Poor thing! when I am sad, I lament that all my affections grow on me, till they become too strong for my peace, though they all afford me snatches of exquisite enjoyment – This for our little girl who was at first very reasonable – more the effect of reason, a sense of duty, than feeling – now, she has got into my heart and imagination, and when I walk out without her, her little figure is ever dancing before me.

She made enchanting images for Imlay to control her moods and lure him back: ‘the little damsel … has been almost springing out of my arm – she certainly looks very like you – but I do not love her the less for that, whether I am angry or pleased with you,’ she closed a letter. Fanny was ‘a little sprite’ at one moment, a ‘little Hercules’ at another.

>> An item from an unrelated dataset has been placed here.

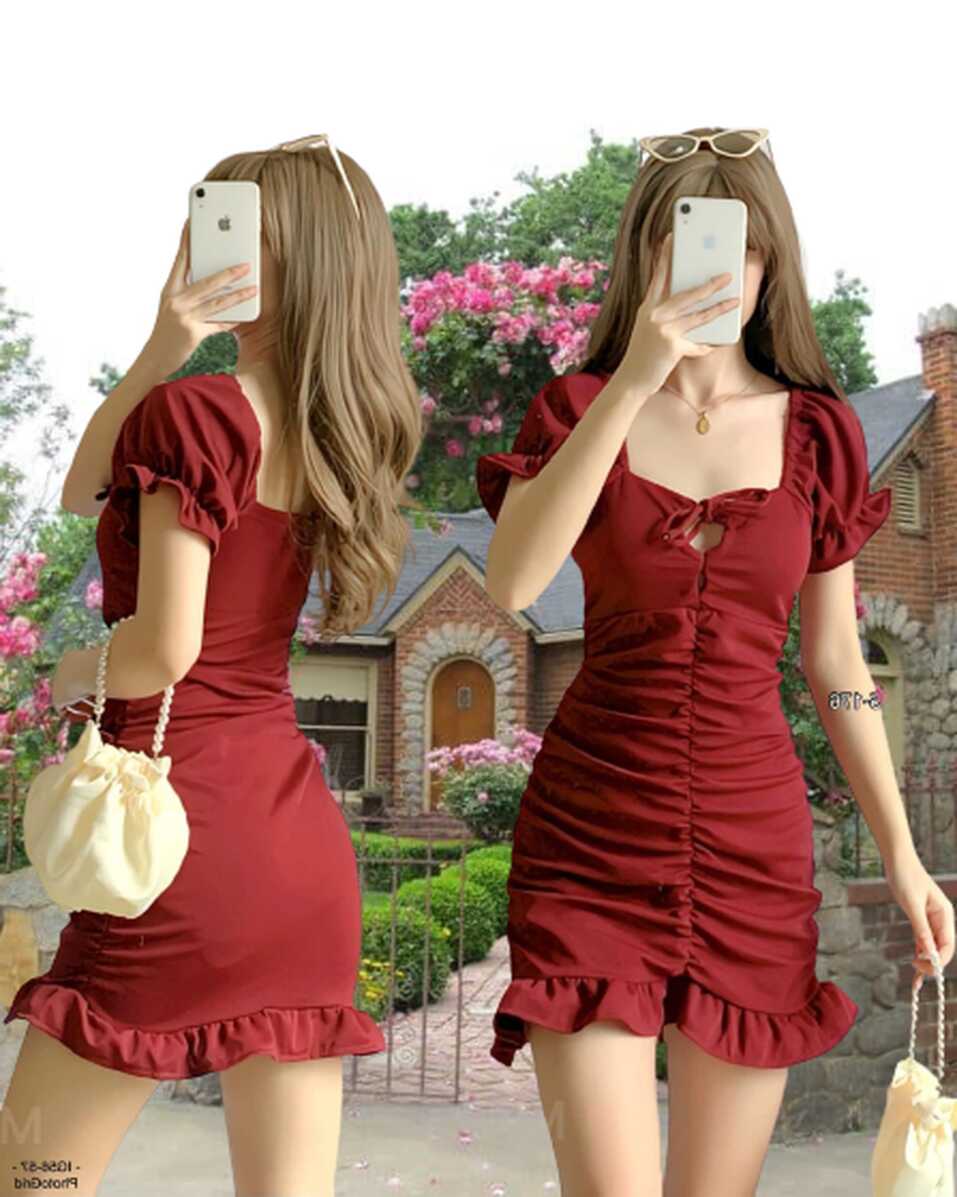 TRENDY SEXY DRESS FOR WOMENS SHORT SLEEVE DRESS RUFFELES DRESS ...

She continued her social life, but her accounts were sour. She called on an ill-assorted French couple who lacked the fineness of herself and Imlay: the woman had the ‘manners of a gentlewoman, with a dash of the easy French coquetry, which renders her piquante’, but her husband, neither gentleman nor lover, cut an awkward figure. Another couple were ugly and had a house smelling of ‘commerce from top to toe’. The abortive attempts at taste only showed it could not be bought. She especially noticed a ‘pendule – A nymph was offering up her vows before a smoking altar, to a fat-bottomed Cupid … kicking his heels in the air.’ ‘[K]ick on,’ she mused, ‘the demon of traffic will ever fright away the loves and graces.’ Imlay would tell her to leave ‘the square-headed money-getters alone’ and be less severe.

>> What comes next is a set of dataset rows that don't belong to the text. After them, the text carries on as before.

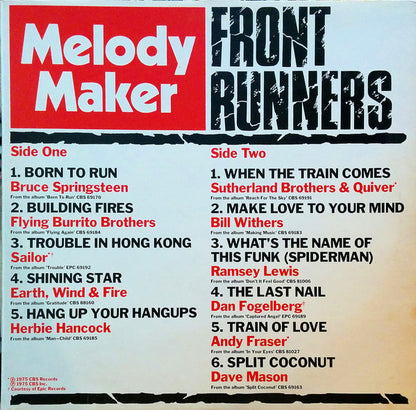 Various : Melody Maker Front Runners (LP, Promo, Smplr)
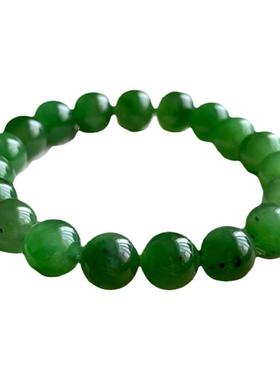 麟又 支持复检 和田玉新疆且末山料晴水色10mm圆珠手链手串包邮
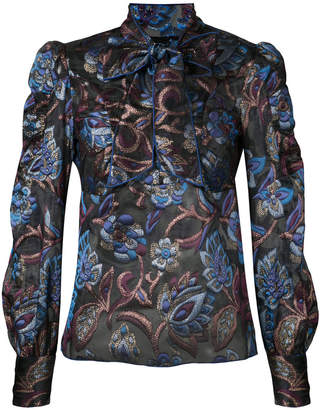 Anna Sui sheer floral blouse with neck tie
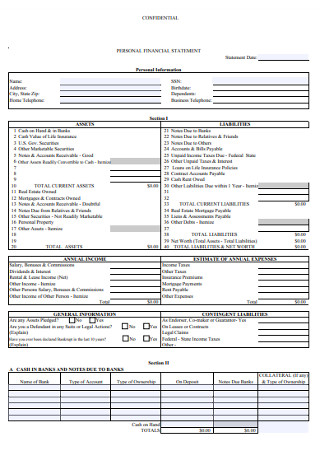 Detail Sample Personal Financial Statement Template Nomer 5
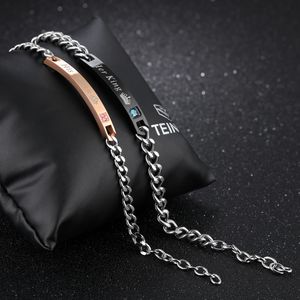 Romantic Valentine's Day <strong>Gift</strong> Her King His <strong>Queen</strong> Women Fashion Exquisite Zircon Titanium Couple Bracelet - Product Image 5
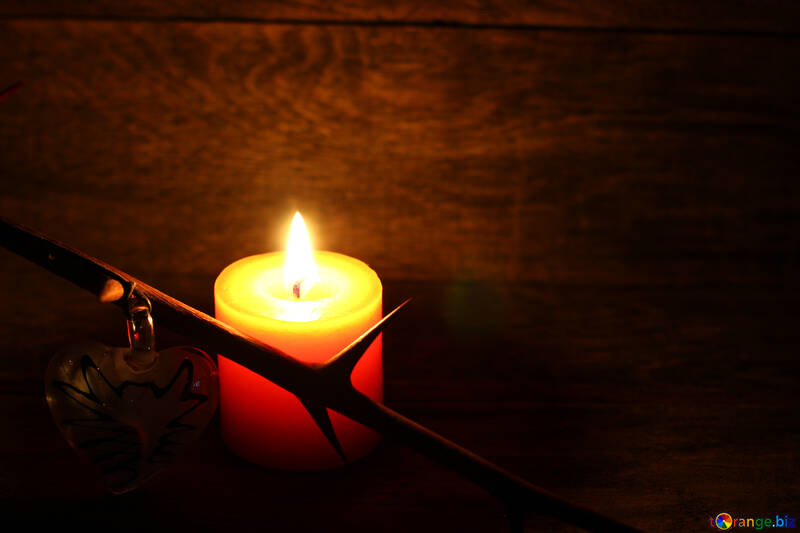 Candle and barbed branch №49226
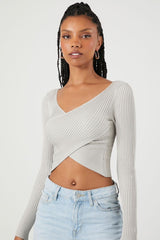 Sweater-Knit Crossover Crop Top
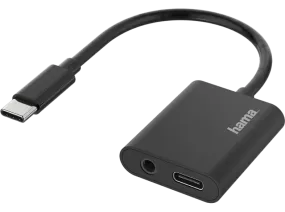 Adaptador - Hama 00200319, De conector USB-C a enchufe Jack 3.5 mm / USB-C, Negro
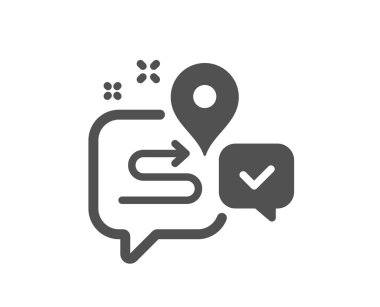 Yolculuk kalitesi simgesi. Yol işareti. Yol haritası sohbet baloncuk sembolü. Klasik düz stil. Kalite tasarım elemanı. Basit bir yolculuk ikonu. Vektör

Soon she was openly rebuking her own ‘money-getter’: ‘I merely thought of business; and, as this is the idea that most naturally associates with your image, I wonder I stumbled on any other.’ Imlay must rise above commercial obsession, she urged, be more imaginative, less materialistic: ‘as common life, in my opinion, is scarcely worth having, even with a gigot every day, and a pudding added thereunto, I will allow you to cultivate my judgment, if you will permit me to keep alive the sentiments in your heart, which may be termed romantic, because, the offspring of the senses and the imagination, they resemble the mother more than the father, when they produce the suffusion I admire. – In spite of icy age, I hope still to see it, if you have not determined only to eat and drink, and be stupidly useful to the stupid.’ ‘Suffusion’ was a word associated with sexual fulfilment: she insisted that sex was imaginative for her, for Imlay it seemed mere lust.